BT Escapes Prosecution Over Phorm
The Crown Prosecution Service will not pursue BT and Phorm for breaching online privacy laws
BT will not face prosecution over its secret trials of behavioural advertising technology Phorm in 2006 and 2007, the Crown Prosecution Service has announced.
The CPS explained that there was insufficient evidence to begin a prosecution under the Regulation of Investigatory Powers Act (RIPA) 2000, and that it would not be in the public interest to proceed any further.
“We have concluded a prosecution would not be in the public interest,” said Andrew Hadik, reviewing lawyer for CPS London’s Complex Casework Unit, in a statement. “We would only take such a decision if we were satisfied that the broad extent of the criminality had been determined and that we could make a fully informed assessment of the public interest. This is such a case.”
Behavioural ad targeting
Phorm is scanning software that uses cookies to build a profile of users’ habits and interests based on websites they visit, and then assigns relevant ads. When the covert trials came to light in 2008, they led to public outrage and calls for prosecution.
The call to bring BT and Phorm to court was led by privacy campaigner Alexander Hanff who took his complaint to the CPS after the police refused to take up the case.
“I’m very disappointed and I’m going to look at the possibility of a judicial review,” said Hanff, reacting to the announcement. “I don’t see their excuse for not prosecuting is acceptable.”
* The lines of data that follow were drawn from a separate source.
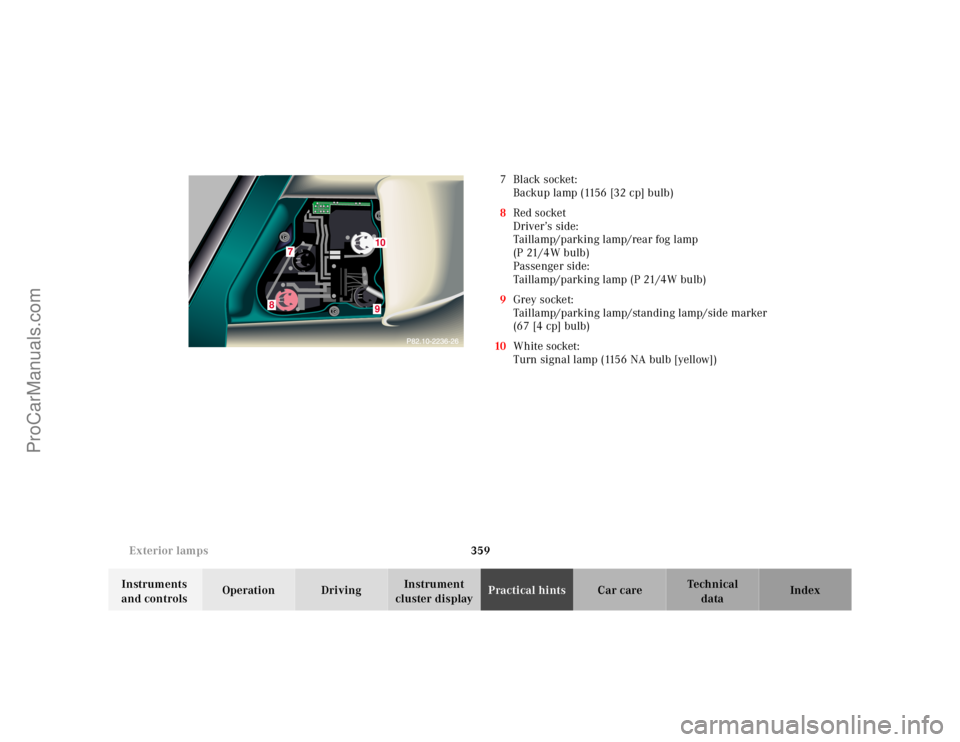 MERCEDES-BENZ CL-CLASS 2000  Owners Manual 359 Exterior lamps
Te ch n ica l
data Instruments 
and controlsOperation DrivingInstrument 
cluster displayPractical hintsCar care Index 7Black socket:
Backup lamp (1156 [32 cp] bulb)
8Red socket
Driv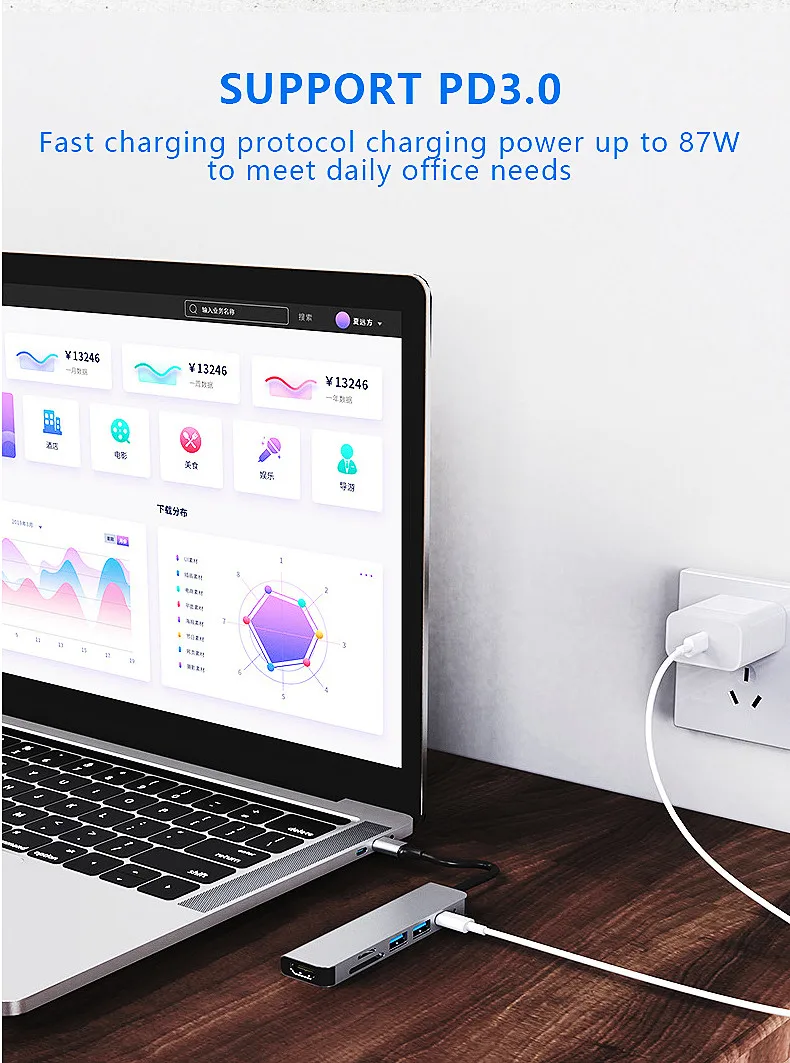 Typ C toUSB Hub 6 IN 1 HDMI-kompatibel USB 3,0 PD SD/TF Kartenleser Adapter kabel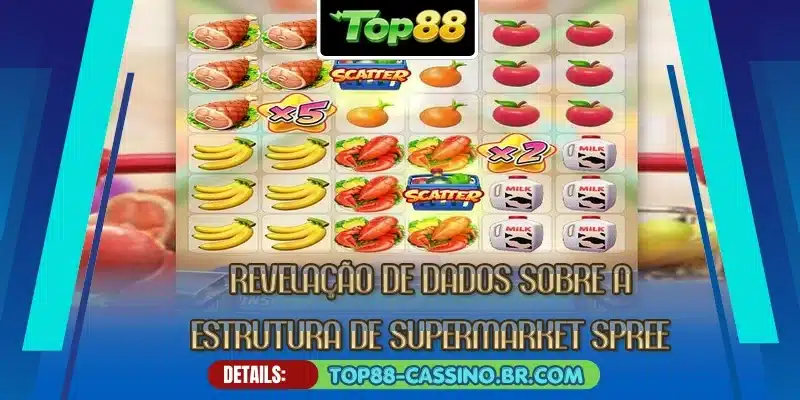 Revelação de dados sobre a estrutura de Supermarket Spree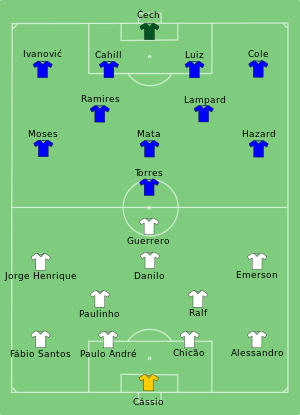 Corintios vs Chelsea 2012-12-16.svg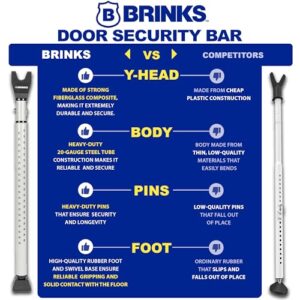 BRINKS- Portable Door Security Bar, Silver- Adjustable Security Door Jammer- Fits Standard Sliding Doors, Hinged Doors, And Windows- For Travel, Home, Dorm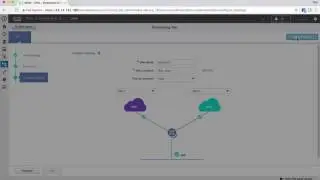 Running Cisco SD-WAN (IWAN) with Cisco CSR1000v on Amazon AWS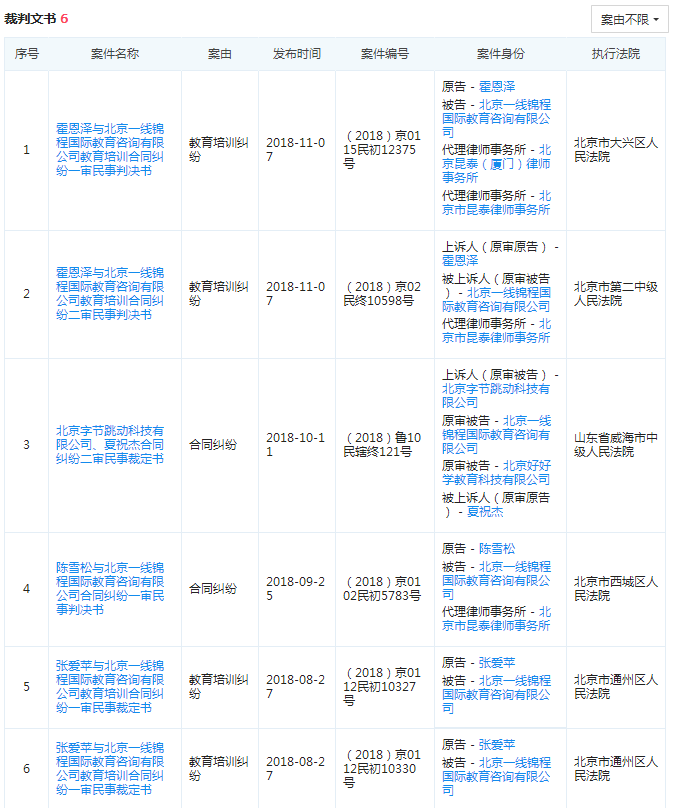 虚假违法广告何时休?"一线锦程"遭学员狠批投诉不断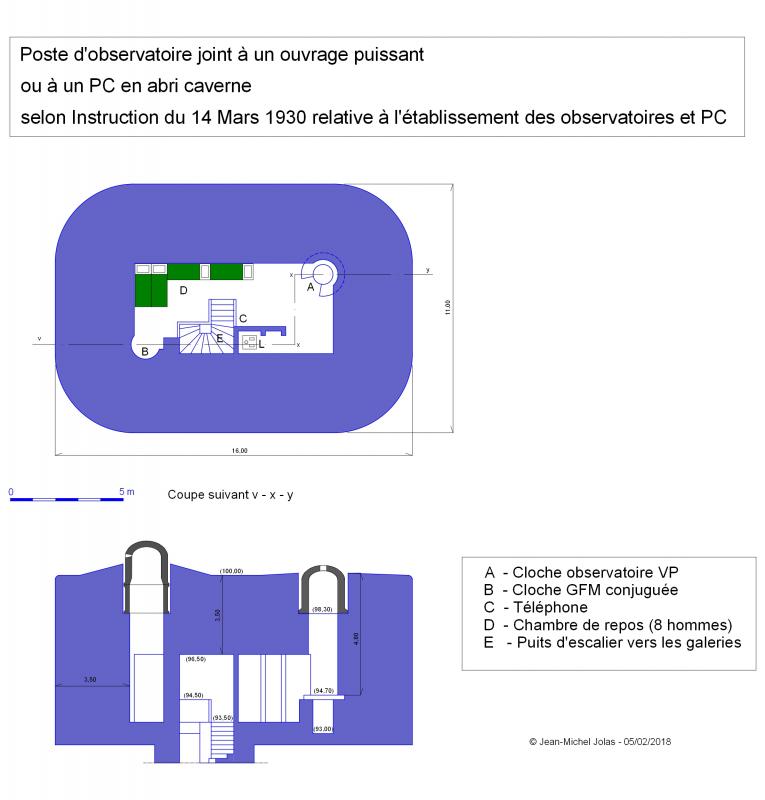 Ligne Maginot - Observatoire CORF pour ouvrage puissant ou PC en abri caverne - Conforme à l'instruction du 14 Mars 1930 relative à l'établissement des observatoires et PC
In its conclusions, the CPS said there was no evidence to suggest either company acted in bad faith. “It could be reasonably argued that any offending was the result of an honest mistake or genuine misunderstanding of the law,” it said, adding that the trials were unlikely to be repeated, and there was no evidence to suggest that those affected by the trial suffered any loss or harm as a result.
European involvement
Although the CPS has dropped the case, the government’s reaction to the Phorm trials prompted the European Commission to launch infringement proceedings against the UK in 2009. According to the EC, the technology contravenes EU ePrivacy and personal data protection rules, which cover the confidentiality of communications, because it intercepts and monitors user actions – in some cases, without the user’s consent.
The controversy highlighted loopholes in UK privacy law, leading the European Commission to threaten to sue the British government for privacy violations. However, on 8 April – the same day the CPS said it would not prosecute – the Home Office published changes to RIPA that will close the loopholes around interception by private companies.
Last month, the Information Commissioner warned businesses and other organisations running websites in the UK that they need to ‘wake up’ to the fact that EU legislation, which will require them to get consent in order to store or access information on consumers’ computers, is coming into force soon.
The new law, which will come into force on 25 May 2011, is an amendment to the EU’s Privacy and Electronic Communications Directive designed to keep pace with the constant evolution of online fraud.